Again, in Welsh v. Wisconsin, — U.S. -, 104 S.Ct. 2091, 80 L.Ed.2d 732, 742 (1984), the Court observed:
It is axiomatic that “the physical entry of the home is the chief evil against which the wording of the Fourth Amendment is directed.” United States v. United States District Court, 407 U.S. 297, 313, 32 L.Ed.2d 752, 92 S.Ct. 2125 (1972). And a principal protection against unnecessary intrusions into private dwellings is the warrant requirement imposed by the Fourth Amendment on agents of the government who seek to enter the home for purposes of search or arrest.... It is not surprising, therefore, that the Court has recognized, as “a ‘basic principle of Fourth Amendment law [,]’ that searches and seizures inside a home without warrant are presumptively unreasonable.”
(citations omitted.)
In that the courts have traditionally imposed less compelling requirements for searches of vehicles as opposed to the searches of structures, the Torres case in my judgment offers no support for the warrantless entry into the structure, which at the time of the entry was used by Rodriguez as a residence.
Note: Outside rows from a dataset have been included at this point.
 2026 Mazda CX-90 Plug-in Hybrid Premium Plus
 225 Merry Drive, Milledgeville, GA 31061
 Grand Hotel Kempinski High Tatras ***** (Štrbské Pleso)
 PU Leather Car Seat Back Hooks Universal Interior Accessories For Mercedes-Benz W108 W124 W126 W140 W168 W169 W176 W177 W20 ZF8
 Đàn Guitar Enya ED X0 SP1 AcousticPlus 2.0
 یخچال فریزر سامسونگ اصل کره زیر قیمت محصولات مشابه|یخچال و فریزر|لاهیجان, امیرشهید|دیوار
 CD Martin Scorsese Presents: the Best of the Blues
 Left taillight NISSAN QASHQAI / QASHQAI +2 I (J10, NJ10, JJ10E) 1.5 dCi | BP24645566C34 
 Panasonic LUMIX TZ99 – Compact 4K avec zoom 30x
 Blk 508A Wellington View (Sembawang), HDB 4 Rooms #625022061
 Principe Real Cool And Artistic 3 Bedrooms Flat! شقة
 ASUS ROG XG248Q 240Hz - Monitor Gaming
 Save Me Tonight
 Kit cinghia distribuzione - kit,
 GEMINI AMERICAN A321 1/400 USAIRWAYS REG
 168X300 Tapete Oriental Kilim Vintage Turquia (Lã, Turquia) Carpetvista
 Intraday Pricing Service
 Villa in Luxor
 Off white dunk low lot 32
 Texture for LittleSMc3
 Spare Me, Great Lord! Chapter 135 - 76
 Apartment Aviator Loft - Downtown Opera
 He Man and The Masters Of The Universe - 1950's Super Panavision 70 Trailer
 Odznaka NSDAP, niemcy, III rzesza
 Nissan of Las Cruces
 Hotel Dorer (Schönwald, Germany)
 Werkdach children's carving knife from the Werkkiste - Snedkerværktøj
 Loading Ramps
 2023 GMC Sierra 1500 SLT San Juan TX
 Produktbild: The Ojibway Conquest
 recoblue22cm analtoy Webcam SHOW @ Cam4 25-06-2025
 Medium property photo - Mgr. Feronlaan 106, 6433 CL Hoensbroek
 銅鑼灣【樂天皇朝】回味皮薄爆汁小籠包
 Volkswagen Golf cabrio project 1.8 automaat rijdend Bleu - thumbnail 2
At any event, I would observe that the facts in Torres are clearly distinguishable from those in the present case. It is true that in Torres the defendant who was arrested inside the truck had the same purpose in mind as the defendant in the case at bar: to guard marijuana; however, I would also observe that the temporary occupant of the truck had no keys to it, did not know who was in possession of the keys, and had not driven the truck. Thus there was no showing that the defendant had come about his possession of the vehicle legitimately. Given these additional facts before it, the Torres court correctly concluded that the occupant of the truck had no legitimate expectation of privacy in the invaded place which society would recognize as reasonable. On the other hand, the appellant in the case on review, as previously stated, had occupied the barn for three days before the warrantless entry under a lease agreement with the owner, and in fact, with the knowledge of the owner, had used the barn as a temporary residence. I therefore fail to see how Torres can serve as authority to deny standing to one who obtained his possession of the premises with the consent of the owner.
In that the state failed to demonstrate the existence of any exigent circumstances which would have permitted the seizure of the contraband without a warrant, I remain of the view that the judgment of conviction should be reversed with directions that appellant be discharged from custody.